- **TASK TO COMPLETE**
Starting with the line that has "Napoli Blue/Ivory 5" in the records below and ending with the line that has "Chemsavers Hydroxylamine Hydrochloride, ACS, 99+%, 100g", output those lines exactly and nothing more; omit the pictures.

Short web captions
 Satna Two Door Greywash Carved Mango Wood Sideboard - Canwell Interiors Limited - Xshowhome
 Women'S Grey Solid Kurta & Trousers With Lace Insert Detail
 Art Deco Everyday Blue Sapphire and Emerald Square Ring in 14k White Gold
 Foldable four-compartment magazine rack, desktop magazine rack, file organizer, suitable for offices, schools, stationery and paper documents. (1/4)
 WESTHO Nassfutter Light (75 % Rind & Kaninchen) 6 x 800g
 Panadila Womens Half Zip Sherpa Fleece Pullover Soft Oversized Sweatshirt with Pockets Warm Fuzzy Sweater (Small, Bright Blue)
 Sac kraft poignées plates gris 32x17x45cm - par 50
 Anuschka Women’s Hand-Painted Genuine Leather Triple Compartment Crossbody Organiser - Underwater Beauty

...

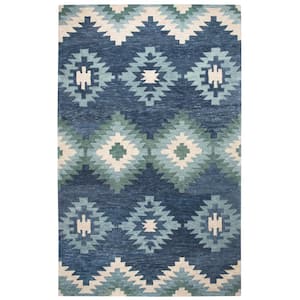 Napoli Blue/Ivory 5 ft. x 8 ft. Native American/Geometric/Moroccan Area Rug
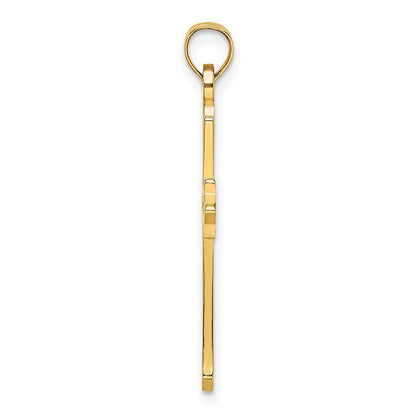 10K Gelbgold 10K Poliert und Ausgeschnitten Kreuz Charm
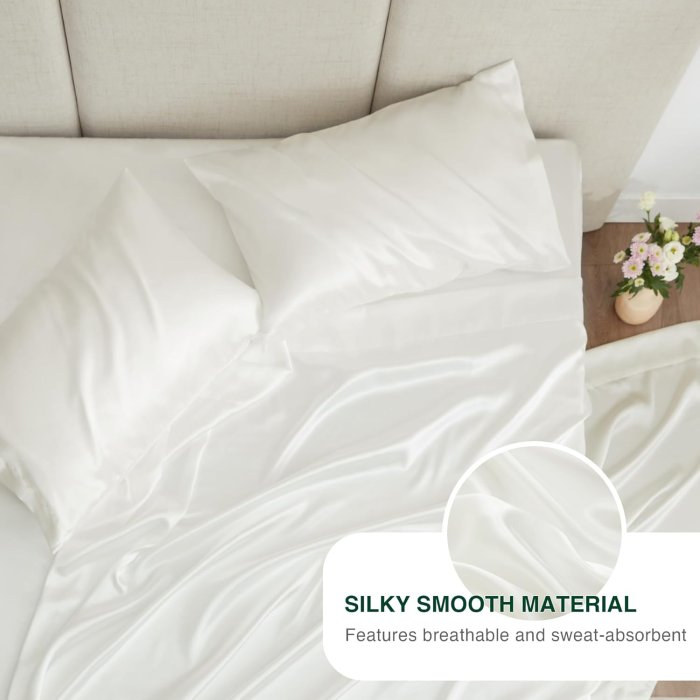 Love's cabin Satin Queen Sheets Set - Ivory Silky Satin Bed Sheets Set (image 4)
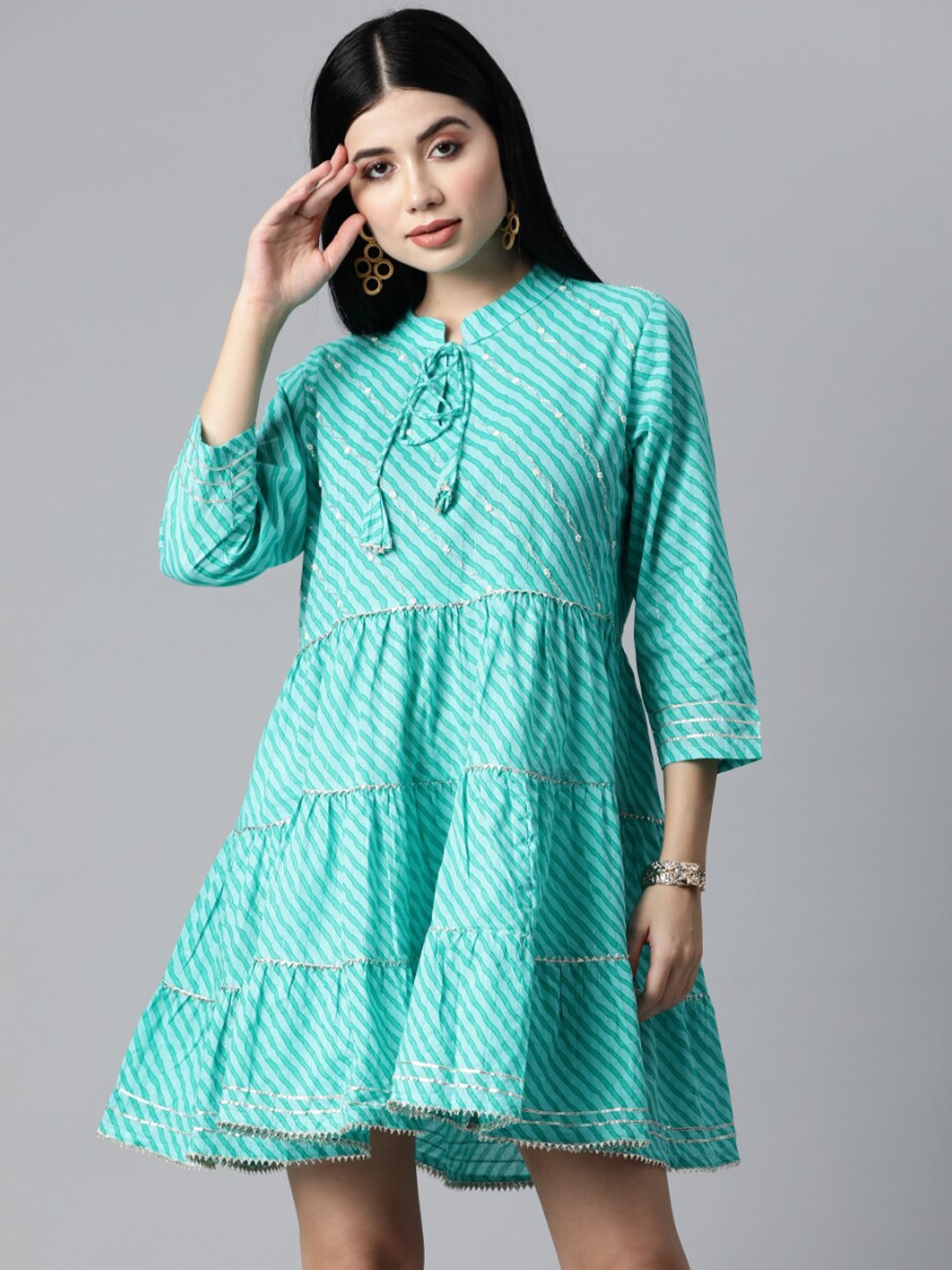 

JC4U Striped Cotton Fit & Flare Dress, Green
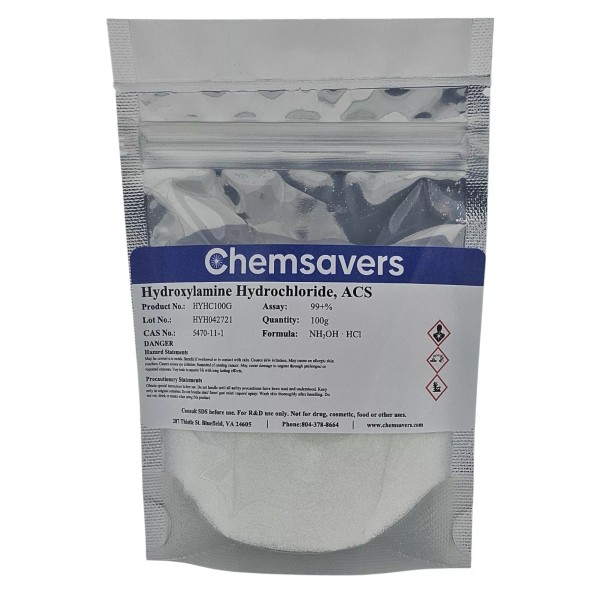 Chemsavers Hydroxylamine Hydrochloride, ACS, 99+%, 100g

- **ANSWER SPACE**
 Napoli Blue/Ivory 5 ft. x 8 ft. Native American/Geometric/Moroccan Area Rug
 10K Gelbgold 10K Poliert und Ausgeschnitten Kreuz Charm
 Love's cabin Satin Queen Sheets Set - Ivory Silky Satin Bed Sheets Set (image 4)

JC4U Striped Cotton Fit & Flare Dress, Green
 Chemsavers Hydroxylamine Hydrochloride, ACS, 99+%, 100g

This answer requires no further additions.